# Work request:
Should a picture appear anywhere in the data, omit it and copy everything else exactly.

# Collected material:
====
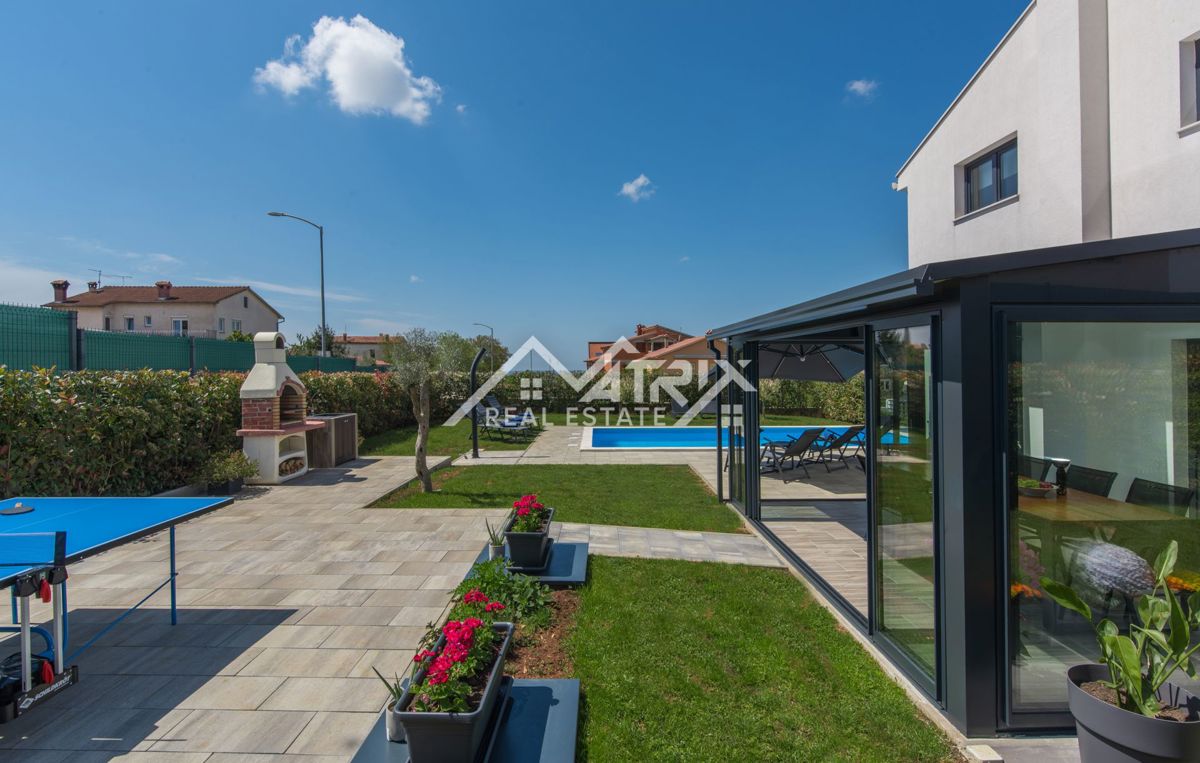 Poreč, Moderna vila z bazenom in pogledom na morje, Novo!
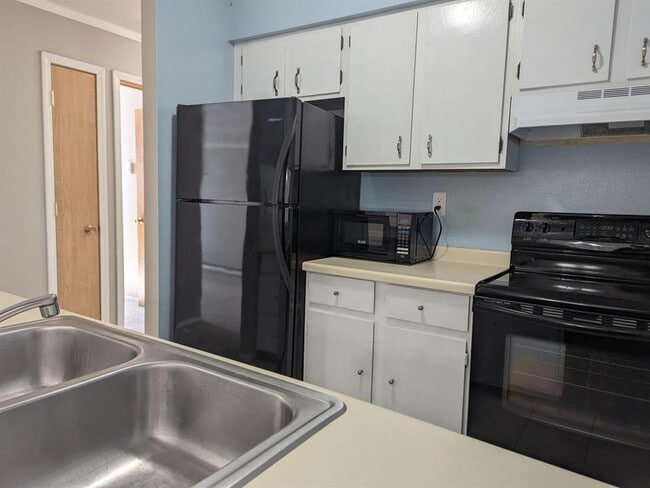 Building Photo - 841 N Gammon Rd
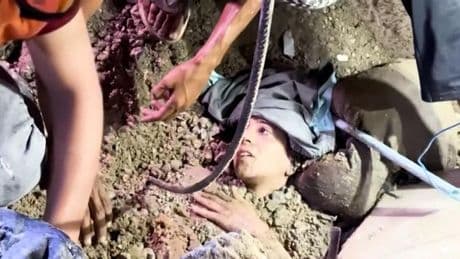 Dramático rescate de una joven en Gaza tras un bombardeo israelí
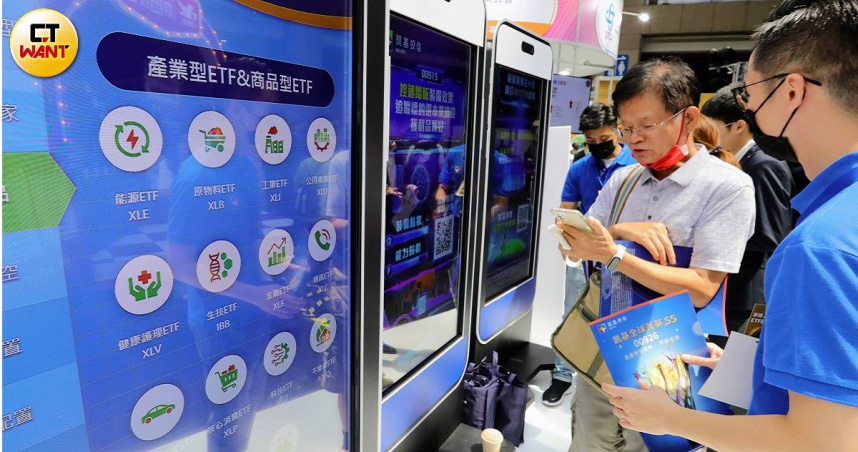 台股25日登上3萬5千點，高息型、市值型、主動式、債券型等ETF皆成交爆量。（示意圖／方萬民攝）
====
# Final answer:
 Poreč, Moderna vila z bazenom in pogledom na morje, Novo!
 Building Photo - 841 N Gammon Rd
 Dramático rescate de una joven en Gaza tras un bombardeo israelí
 台股25日登上3萬5千點，高息型、市值型、主動式、債券型等ETF皆成交爆量。（示意圖／方萬民攝）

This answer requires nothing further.